Member of the South Carolina House of Representatives from the 54th district
- In office 1991–2014
- Preceded by: Jack Rogers (politician)
- Succeeded by: Elizabeth Munnerlyn

Personal details
- Spouse: Suzanne
- Children: 2
- Alma mater: Clemson University University of South Carolina
- Profession: Attorney

= Douglas Jennings Jr. =

American politician

Douglas Jennings Jr., is an American attorney and politician from South Carolina. Jennings was previously an assistant solicitor for the fourth circuit.
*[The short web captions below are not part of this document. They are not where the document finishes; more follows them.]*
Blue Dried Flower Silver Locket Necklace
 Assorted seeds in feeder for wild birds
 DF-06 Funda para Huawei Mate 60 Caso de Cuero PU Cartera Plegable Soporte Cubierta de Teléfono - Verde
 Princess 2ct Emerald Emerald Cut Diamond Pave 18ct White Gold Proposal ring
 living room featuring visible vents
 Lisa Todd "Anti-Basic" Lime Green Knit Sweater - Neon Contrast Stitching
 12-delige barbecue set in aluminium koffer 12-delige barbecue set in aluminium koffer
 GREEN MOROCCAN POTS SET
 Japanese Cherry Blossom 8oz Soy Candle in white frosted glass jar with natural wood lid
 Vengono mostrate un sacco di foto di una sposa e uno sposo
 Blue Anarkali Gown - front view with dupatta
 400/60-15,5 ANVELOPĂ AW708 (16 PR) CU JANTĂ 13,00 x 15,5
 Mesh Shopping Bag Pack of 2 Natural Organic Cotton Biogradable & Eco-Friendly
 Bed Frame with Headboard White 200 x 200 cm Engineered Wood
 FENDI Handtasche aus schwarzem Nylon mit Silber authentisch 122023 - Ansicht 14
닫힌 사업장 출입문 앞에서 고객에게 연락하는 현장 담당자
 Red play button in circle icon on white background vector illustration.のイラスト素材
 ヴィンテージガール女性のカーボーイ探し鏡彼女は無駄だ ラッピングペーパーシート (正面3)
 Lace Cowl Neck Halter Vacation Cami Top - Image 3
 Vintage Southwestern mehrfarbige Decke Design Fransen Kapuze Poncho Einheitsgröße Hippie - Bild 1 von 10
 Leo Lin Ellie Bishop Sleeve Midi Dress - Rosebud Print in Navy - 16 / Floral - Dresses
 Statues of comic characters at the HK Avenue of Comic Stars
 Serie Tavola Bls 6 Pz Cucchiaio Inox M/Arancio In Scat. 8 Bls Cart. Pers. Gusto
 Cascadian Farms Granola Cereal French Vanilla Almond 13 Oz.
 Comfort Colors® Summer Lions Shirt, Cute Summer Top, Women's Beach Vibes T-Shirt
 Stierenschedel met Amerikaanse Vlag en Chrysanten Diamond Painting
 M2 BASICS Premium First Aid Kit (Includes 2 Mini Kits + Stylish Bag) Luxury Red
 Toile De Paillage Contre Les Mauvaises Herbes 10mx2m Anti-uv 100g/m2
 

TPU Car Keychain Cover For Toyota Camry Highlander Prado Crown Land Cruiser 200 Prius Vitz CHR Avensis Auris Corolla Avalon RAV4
== Early life and education ==
Jennings graduated from Clemson University with a BA in 1978 and with a JD from the University of South Carolina in 1982. He served as a Legislative Assistant in the United States House of Representatives from 1978 to 1979, and as a Research Assistant for the South Carolina Senate Judiciary Committee from 1979 to 1982.

== Political career ==
Jennings was a member of the South Carolina House of Representatives from 1991 to 2014. He served as House Minority Leader and on the Sentencing Reform Commission. He was a founding member of the North Eastern Strategic Alliance (NESA), and chaired its I-73 Committee. Jennings also served as Chairman of the Marlboro County Election Commission from 1986 to 1991.

== Awards ==
Jennings received the Governor's Rural Economic Leadership Award in 1999 and an Honorary Doctorate from Francis Marion University in 2002. When Jennings retired from the South Carolina Legislature in 2010, he received the Order of the Palmetto from Governor Mark Sanford, and a Concurrent Resolution by the House and Senate in recognition of his contributions. A portion of highway in Blenheim, South Carolina was named in his honor.